Tuesday, November 22, 2005

Signs of the Bay Area... Even Here!

Every now and again, I see something here in Cody that reminds me of the Bay Area.

Tonight I made that dreaded trip to Walmart. I wanted to go tonight instead of tomorrow night to try to avoid the mass of people that will undoubtedly be there tomorrow shopping for Thanksgiving. In the parking lot, I saw one of the few other BMW's that inhabit this area besides mine. This particular car is a late 80's E30 325i Convertible. The license plate frame on the rear of the car is proudly advertising for Allison BMW in Mountain View. Mountain view is on the Peninsula, North of San Jose and Sunnyvale. Mountain View is also home to Moffat Federal Airfield, and NASA Ames Research Center. Moffat is also home to one of the very few remaining Derigable Hangars, Hangar #1. Hangar #1 is about 250 feet tall and nearly 700 feet long, it's doors are so immense, that they ride upon what are essentially railroad flat cars. It also generates it's own weather, and it has been known to rain inside of it. I digress...

One day downtown, I saw a mid 90's Ford Bronco, it's license plate frame proudly advertising for Burlingame Ford. Burlingame is on the Peninsula as well. My good friend Sergei lives there in a quiet little neighborhood, where tiny little houses are worth 7 figures. Burlingame was originally a community made up of summer homes for people who lived in San Francisco way back in the day. It's just North of San Mateo, but yet far enough down the Peninsula to get out of the FOG that covers The City, South City, Daly City, San Bruno, and Pacifica during the summer, however it isn't nearly as hot as it gets in the South Bay near San Jose and Los Gatos where I used to live.

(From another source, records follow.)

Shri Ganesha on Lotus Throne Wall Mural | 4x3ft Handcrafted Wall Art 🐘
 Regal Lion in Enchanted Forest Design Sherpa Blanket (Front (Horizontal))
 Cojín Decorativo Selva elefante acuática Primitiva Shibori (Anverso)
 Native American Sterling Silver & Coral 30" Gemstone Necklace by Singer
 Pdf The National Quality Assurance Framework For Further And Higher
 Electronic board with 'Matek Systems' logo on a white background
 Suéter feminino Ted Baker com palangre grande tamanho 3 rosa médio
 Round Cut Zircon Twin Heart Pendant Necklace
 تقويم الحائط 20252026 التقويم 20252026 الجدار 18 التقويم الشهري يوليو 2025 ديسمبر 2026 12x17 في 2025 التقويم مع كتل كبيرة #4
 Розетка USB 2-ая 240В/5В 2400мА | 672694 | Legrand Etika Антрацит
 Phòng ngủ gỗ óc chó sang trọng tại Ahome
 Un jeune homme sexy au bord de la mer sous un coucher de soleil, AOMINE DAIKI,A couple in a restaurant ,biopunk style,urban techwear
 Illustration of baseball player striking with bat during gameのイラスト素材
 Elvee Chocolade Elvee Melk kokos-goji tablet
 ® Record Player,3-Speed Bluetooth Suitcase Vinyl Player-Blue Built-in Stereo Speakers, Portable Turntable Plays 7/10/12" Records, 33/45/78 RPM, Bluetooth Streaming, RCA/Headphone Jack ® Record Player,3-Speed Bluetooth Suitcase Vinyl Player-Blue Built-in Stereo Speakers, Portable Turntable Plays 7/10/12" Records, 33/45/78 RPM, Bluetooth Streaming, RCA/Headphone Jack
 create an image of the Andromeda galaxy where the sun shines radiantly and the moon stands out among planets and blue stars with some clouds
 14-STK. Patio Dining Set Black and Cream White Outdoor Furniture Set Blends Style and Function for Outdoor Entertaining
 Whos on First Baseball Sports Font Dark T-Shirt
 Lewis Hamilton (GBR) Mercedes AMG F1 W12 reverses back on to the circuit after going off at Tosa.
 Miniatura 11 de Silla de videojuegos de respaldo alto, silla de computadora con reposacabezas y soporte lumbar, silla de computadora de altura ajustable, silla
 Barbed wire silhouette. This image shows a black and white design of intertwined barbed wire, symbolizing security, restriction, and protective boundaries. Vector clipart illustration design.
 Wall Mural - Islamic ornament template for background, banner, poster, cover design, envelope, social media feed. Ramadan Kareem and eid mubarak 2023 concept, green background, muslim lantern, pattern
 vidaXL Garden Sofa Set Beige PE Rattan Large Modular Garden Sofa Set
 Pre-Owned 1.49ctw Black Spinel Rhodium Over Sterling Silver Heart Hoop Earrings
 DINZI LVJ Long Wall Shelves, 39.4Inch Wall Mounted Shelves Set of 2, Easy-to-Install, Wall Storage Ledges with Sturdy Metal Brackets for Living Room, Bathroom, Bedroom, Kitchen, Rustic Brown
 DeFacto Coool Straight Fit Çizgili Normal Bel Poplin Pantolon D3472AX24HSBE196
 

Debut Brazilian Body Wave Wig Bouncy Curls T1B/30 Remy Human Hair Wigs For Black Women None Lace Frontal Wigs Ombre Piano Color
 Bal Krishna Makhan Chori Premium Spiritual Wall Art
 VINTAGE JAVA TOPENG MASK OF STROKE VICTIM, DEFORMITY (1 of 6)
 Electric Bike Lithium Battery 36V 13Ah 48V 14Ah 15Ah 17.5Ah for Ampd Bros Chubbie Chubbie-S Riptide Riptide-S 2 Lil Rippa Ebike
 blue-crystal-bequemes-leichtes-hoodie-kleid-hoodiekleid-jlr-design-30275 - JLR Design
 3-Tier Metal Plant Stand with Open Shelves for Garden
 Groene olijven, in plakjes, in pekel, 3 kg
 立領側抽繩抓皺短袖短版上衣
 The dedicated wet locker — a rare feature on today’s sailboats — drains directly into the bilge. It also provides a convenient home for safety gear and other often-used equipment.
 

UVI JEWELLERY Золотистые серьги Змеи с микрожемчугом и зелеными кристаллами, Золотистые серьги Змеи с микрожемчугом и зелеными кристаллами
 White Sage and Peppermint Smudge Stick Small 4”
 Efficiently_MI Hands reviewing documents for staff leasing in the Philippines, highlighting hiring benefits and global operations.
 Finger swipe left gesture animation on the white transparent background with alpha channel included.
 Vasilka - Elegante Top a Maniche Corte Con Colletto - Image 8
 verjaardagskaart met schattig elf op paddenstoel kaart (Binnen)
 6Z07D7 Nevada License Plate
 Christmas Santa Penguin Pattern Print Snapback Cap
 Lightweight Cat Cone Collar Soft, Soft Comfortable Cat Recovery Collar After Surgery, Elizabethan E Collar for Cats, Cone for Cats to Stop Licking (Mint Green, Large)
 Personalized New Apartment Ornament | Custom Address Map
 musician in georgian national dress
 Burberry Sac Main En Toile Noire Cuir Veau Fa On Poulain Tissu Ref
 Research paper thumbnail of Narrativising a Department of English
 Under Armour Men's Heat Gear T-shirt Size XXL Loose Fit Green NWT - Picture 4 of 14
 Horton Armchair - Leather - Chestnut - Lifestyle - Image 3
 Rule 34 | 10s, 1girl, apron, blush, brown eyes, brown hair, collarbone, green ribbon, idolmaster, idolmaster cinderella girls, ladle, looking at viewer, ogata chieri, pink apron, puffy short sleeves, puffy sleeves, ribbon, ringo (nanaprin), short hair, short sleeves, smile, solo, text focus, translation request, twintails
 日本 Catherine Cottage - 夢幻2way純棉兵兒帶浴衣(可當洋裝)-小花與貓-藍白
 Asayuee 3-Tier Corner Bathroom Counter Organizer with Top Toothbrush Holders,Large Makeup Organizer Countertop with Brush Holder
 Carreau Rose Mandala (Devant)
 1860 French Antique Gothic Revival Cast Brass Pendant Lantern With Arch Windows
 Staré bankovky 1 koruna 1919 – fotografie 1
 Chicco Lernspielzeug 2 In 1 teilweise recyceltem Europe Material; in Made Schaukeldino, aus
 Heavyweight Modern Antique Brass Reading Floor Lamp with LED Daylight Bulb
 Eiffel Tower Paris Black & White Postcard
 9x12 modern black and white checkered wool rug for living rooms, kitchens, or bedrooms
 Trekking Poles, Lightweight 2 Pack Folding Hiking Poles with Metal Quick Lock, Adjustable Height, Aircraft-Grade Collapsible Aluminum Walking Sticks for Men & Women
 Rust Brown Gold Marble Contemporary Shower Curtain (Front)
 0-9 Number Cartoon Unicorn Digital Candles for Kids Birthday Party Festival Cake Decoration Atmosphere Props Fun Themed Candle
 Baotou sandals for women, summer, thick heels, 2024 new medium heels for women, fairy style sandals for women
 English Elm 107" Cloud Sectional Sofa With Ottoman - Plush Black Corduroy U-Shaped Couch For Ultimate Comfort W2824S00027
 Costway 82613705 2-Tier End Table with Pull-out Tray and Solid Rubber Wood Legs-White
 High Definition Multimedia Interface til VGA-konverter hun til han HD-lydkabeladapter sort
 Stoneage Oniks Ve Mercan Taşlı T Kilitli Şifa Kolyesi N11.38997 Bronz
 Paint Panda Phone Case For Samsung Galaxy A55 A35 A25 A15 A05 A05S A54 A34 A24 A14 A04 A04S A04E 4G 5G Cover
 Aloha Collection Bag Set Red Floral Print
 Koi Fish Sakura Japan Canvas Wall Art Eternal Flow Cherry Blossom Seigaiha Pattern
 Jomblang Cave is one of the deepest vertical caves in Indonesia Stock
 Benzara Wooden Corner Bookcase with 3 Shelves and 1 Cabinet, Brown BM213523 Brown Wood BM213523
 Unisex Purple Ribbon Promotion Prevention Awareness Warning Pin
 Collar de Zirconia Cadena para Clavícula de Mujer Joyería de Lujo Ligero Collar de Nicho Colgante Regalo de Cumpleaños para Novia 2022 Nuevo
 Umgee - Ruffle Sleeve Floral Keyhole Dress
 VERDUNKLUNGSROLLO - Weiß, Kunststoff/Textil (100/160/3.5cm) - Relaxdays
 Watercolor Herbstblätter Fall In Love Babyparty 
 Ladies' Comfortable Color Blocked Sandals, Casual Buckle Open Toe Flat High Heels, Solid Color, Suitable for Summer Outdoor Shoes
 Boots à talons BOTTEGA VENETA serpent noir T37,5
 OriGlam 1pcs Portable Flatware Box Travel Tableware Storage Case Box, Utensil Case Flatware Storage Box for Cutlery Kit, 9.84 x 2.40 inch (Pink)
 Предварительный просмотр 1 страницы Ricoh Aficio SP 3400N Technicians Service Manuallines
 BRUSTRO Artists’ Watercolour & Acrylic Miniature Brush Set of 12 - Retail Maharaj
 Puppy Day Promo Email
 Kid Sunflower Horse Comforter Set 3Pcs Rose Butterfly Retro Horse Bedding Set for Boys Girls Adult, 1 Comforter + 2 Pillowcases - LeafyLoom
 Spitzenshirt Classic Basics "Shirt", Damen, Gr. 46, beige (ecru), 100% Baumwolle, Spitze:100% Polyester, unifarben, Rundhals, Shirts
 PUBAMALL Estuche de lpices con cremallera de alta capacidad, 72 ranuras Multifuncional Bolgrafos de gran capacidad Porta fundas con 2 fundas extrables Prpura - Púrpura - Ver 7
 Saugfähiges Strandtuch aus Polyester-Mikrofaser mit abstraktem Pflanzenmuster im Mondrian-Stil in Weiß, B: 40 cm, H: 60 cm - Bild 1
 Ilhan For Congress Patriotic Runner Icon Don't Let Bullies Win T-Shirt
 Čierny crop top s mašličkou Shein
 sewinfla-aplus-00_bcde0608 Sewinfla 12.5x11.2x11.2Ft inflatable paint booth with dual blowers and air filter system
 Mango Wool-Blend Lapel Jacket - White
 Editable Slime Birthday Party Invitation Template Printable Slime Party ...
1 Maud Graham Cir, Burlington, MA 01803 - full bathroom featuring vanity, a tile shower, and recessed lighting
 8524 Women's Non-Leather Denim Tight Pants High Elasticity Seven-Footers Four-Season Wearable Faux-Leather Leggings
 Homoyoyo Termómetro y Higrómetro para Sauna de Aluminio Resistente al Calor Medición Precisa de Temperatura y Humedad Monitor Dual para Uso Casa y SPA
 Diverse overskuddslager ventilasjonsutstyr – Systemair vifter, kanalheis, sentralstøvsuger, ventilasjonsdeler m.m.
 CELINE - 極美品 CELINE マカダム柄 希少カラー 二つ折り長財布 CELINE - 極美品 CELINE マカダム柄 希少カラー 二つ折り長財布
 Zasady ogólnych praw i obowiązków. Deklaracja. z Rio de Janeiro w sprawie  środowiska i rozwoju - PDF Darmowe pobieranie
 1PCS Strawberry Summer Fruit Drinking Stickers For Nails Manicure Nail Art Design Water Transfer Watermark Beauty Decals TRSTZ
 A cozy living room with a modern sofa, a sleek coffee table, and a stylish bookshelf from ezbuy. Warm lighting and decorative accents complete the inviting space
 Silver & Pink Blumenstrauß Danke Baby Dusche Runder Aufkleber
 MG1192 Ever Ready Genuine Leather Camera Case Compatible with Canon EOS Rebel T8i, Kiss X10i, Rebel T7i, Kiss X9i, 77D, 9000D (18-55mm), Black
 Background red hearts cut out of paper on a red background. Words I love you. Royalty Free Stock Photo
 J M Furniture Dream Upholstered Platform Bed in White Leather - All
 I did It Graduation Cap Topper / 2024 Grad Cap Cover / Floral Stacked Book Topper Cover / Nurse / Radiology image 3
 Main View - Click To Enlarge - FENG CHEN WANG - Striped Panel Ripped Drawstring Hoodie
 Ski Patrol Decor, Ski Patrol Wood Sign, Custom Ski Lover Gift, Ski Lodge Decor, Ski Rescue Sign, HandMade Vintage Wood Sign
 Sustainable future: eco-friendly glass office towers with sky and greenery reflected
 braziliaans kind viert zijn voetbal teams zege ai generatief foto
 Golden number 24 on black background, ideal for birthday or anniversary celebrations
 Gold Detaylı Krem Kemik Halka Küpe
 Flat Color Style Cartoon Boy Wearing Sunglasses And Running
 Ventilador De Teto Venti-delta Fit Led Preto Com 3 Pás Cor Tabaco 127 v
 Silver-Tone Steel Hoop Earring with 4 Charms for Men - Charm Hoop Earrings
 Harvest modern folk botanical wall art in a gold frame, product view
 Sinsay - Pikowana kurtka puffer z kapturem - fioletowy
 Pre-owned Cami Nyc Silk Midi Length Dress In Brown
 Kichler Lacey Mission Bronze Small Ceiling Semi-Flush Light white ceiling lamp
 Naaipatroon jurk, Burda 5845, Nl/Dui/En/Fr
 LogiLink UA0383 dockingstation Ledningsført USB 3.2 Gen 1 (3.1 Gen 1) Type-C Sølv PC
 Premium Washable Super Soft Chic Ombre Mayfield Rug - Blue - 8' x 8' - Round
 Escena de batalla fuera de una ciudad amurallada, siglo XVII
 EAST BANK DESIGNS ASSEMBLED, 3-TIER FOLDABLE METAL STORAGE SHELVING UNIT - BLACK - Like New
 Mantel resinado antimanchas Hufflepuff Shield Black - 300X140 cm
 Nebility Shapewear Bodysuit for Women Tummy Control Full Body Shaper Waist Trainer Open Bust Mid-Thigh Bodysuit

I also see this Black Chevy Stepside pickup here and there that has a bumper sticker on it for KSJO radio. The morning show DJ's, Lamont & Tonelli, as well as their comedy relief in the form of an Indian (dots not feathers) guy who was a former convenience store clerk, are very popular, mainly because of the madness that they inspire in the form of what used to be called Whip'em Out Wednesday. Wednesdays were a special day for commuters throughout the bay area. Somehow, these guys had convinced many young hotties to bare their breasts while in commute traffic to cars that were displaying the KSJO bumper sticker. I had one on my Ford Ranger for a while when I first moved there, but alas, no boobs for me... Lamont and Tonelli were a hit, and they wound up getting a better deal from a classic rock station further up the Peninsula, so now Whip'em Out Wednesday (W.O.W.) is now Ta Ta Tuesday (TTT). KSJO wasn't much without those guys, and their programming was most preferred by mullet headed Camaro and Trans Am drivers, which is why even though KSJO had been around for 30 some years as a rock station, it is now a Spanish language station!